A very slight of improvement over 2012, both in the total market as well as in the piston segment. Still considerably less than 1000 piston shipments, though. Note however that several european manufacturers (including Tecnam, Robin, Aquila, etc.) are not members of GAMA and thus don’t show up in the stats.

A few notes:

- The Bonanza survives; 35 units as opposed to only 12 or so in 2012

- Nobody seems to want Skylanes anymore. Will the Diesel change that?
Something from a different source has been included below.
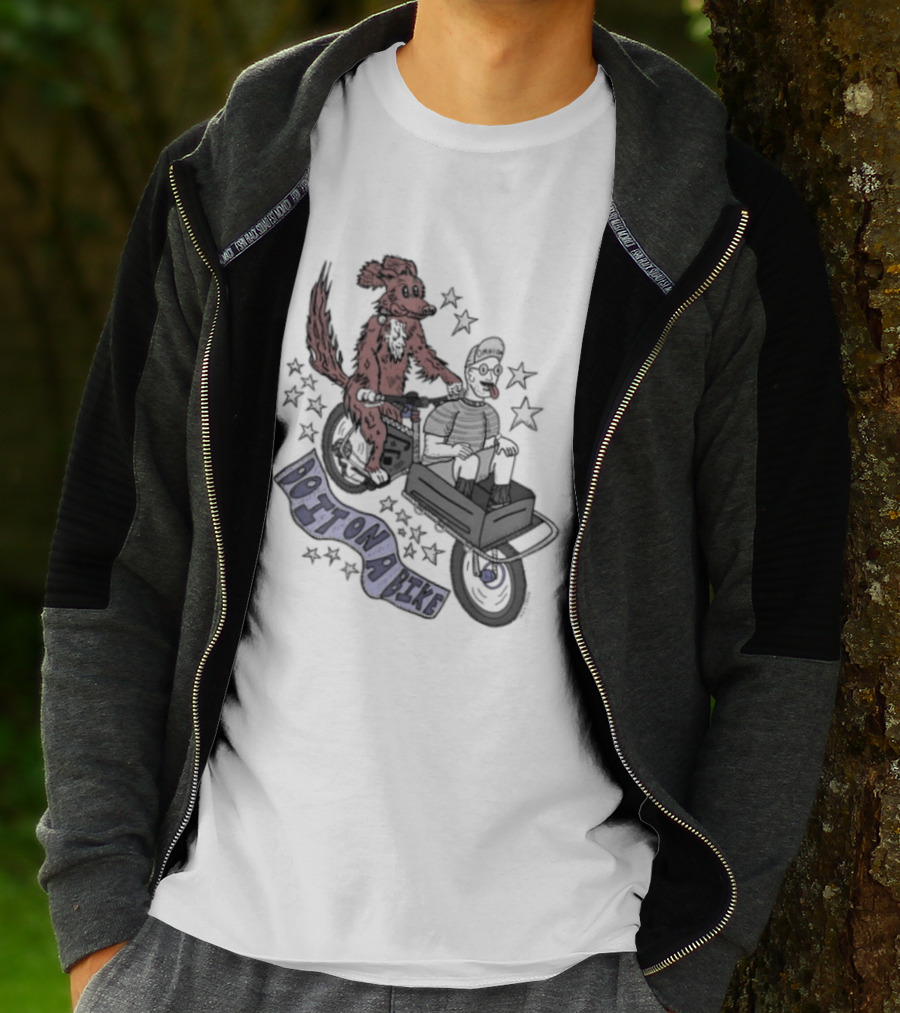 Original Dog On A Bike Omnium Cycling Matt Crank Free And High Stars T-Shirt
- 21 units of the Corvalis TTx (at the beginning of last year, I guessed they would ship “less than 25” in 2013… ). Compare with the SR22.

- 52 Carbon Cubs…not bad!

- 102 DA40s! I never see any new ones around in Europe. Do they really all go to flight schools in Saudi-Arabia? DA42 sales remain rather low.

- 89 Flight Design CTs!

- PC-12: a very slow start to the year, but a strong finish

- Piper continues rather strongly with their twins and the M-series. Even the Archer III sold respectably. Who’s buying those?
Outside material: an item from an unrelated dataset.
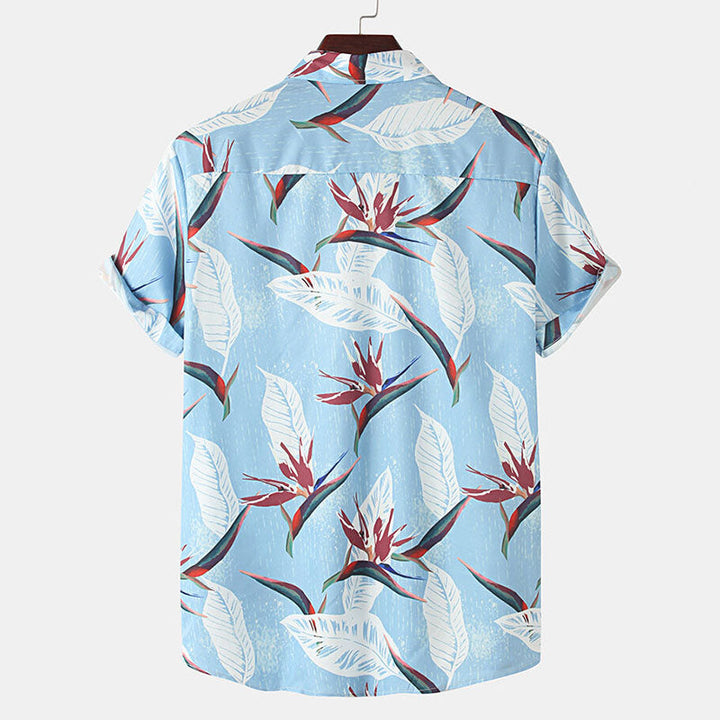 Chemise à manches courtes imprimée pour hommes avec design floral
- TBM sales are slowing down remarkably over the last few years.

All in all, not too many changes over 2012.

Last Edited by boscomantico at 19 Feb 21:36
Mainz (EDFZ) & Egelsbach (EDFE), Germany

I am amazed by the low DA42 sales. It does seem to confirm what I have always been saying: most of the production went to FTOs, not private owners. And the FTOs who bought them aren’t buying any more. Why not?

A lot of the numbers for the bigger bizjets are amazingly low – 1 or 2 a year. They must be hand-building them…
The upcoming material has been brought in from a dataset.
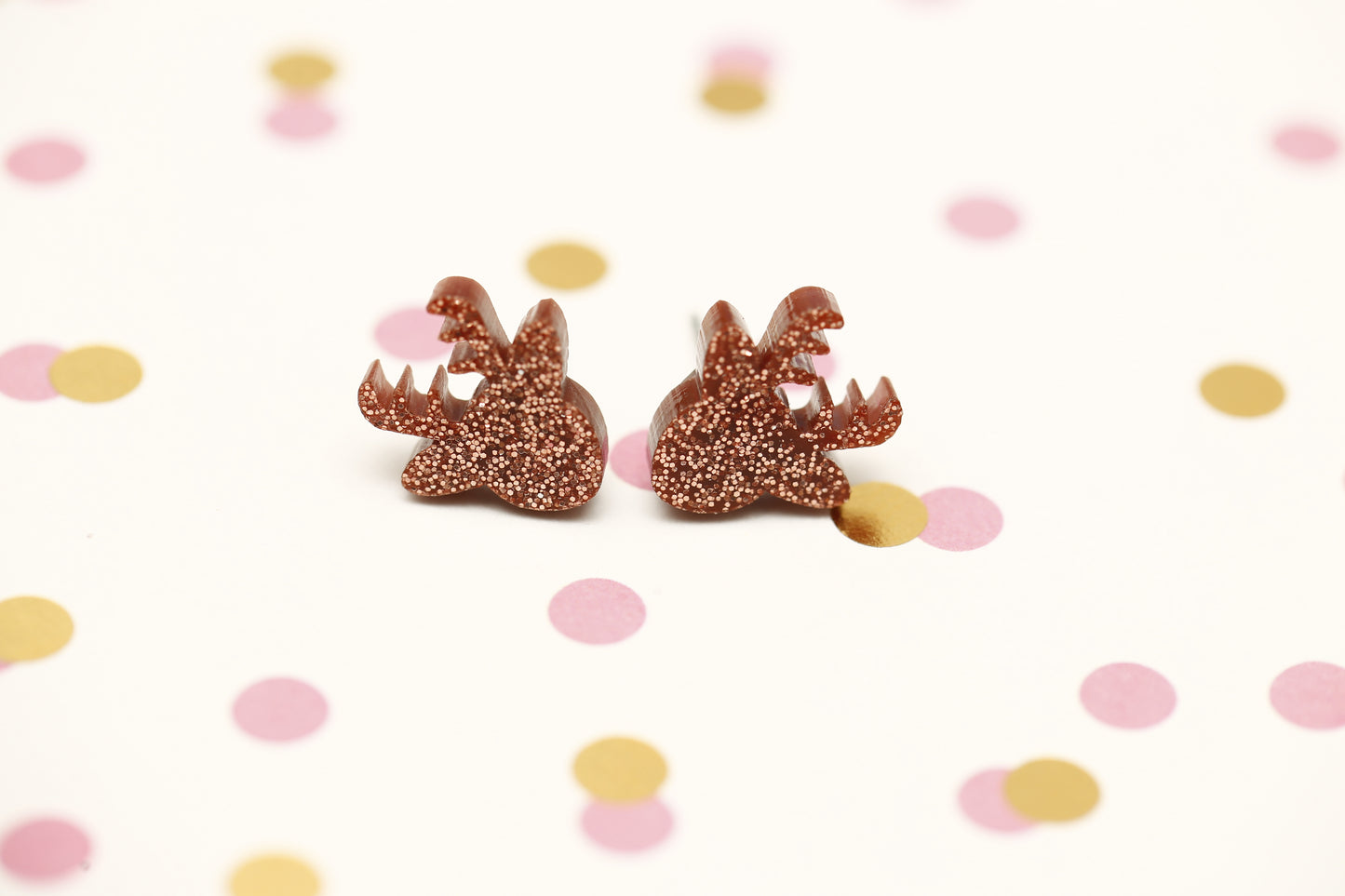 Glitter Reindeer Stud Earrings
Socata are doing OK ($3.4M average selling price) but they must be looking for the next moneyspinner. The problem is that they got lucky with the TBM (right product at the right time, no competition as yet, etc) and it’s not at all obvious what the successor might be. There really are very few genuine serial enterpreneurs around. Most business success stories are one-offs, never to be repeated.

Administrator
Shoreham EGKA, United Kingdom

Cirrus:
SR20: 32
SR22/T: 244
Cirrus Total: 276

How can you ignore these :-)

Last Edited by Flyer59 at 20 Feb 09:19

No surprise airplanes are extremely expensive and yet there is almost no innovation. Volkswagen builds more cars in an hour than all GA manufacturers together in one year.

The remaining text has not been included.